S’il y a quelque chose à attendre pour moi, et de manière impérieuse, c’est l’art. Et en réalité je crois qu’il y a beaucoup d’égoïsme, ou tout du moins de la méprise, à attendre autre chose de l’art que l’art lui-même. Car si l’on attend vraiment de l’art qu’il puisse nous sauver, il faudra commencer par s’occuper de lui et des coordonnées toujours inédites qui le définissent : c’est-à-dire accepter son incessante refiguration autour de nouvelles beautés. En ce sens, je crois qu’il nous faudra chercher une nouvelle manière de faire, une manière douce, amicale, de parler aux gens, loin de toute injonction ; essayer de ne pas trop jouer au camelot de l’art et tenter de mieux goûter à sa pauvreté pour ne rien présupposer de nos attentes et de ses effets ; avoir la volonté de passer au-delà des principes d’assentiment et de ressentiment forcés pour créer de nouvelles alliances basées sur une intellectualité commune, équitable et souveraine. Prendre tout le monde au sérieux donc. Et je crois que cela sera long et difficile. Car avant toute chose, ne réclamer aucun effet en est un, peut-être le plus frappant qui soit ; et n’avoir le désir ni de démontrer, ni d’étonner, ni d’amuser, ni de persuader est déjà trop souvent une injonction. Et pourtant, si cette nouvelle manière pouvait poser par elle-même un rapport plus égalitaire, aristocratique avec tous, où forme et idée travaillent ensemble en un même temps, je pense que l’on toucherait là certainement au début d’une nouvelle séquence pour l’art d’aujourd’hui, belle et exigeante.

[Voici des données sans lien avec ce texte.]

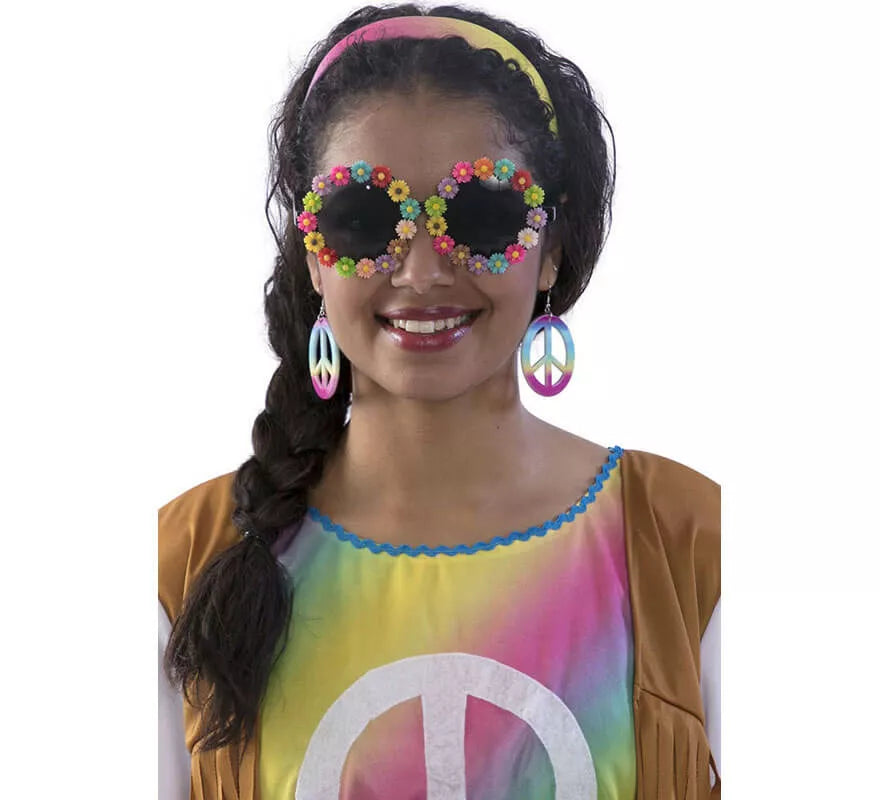 Translation missing: fr.Gafas Redondas con Flores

Alors c’est peut-être cela qu’on attend, joyeusement, mais d’une joie endeuillée. Car quelque chose sera à enterrer d’où l’on vient : de cette séquence-ci qui tarde à finir, de son cynisme humiliant, de sa propre publicité mise sous forme de scandales. Qui sera d’accord alors d’en sortir ? Qui pour faire alliance ? Ou peut-être aussi que la modernité n’est toujours pas passée : puisque ça fait depuis Schoenberg au moins (ou Malevitch, ou…) qu’on nous annonce répétitivement le crépuscule de l’art… Ce qui est faux évidemment : il nous manque seulement – et aujourd’hui encore – de ne pas accepter largement les autres beautés, les compliquées, les non spectaculaires, les outrancières, les prosaïques, les étrangères. Prendre tout le monde au sérieux donc. Ou qu’on foute le feu au Louvre alors, tout de suite, si on a peur de ce qui est beau.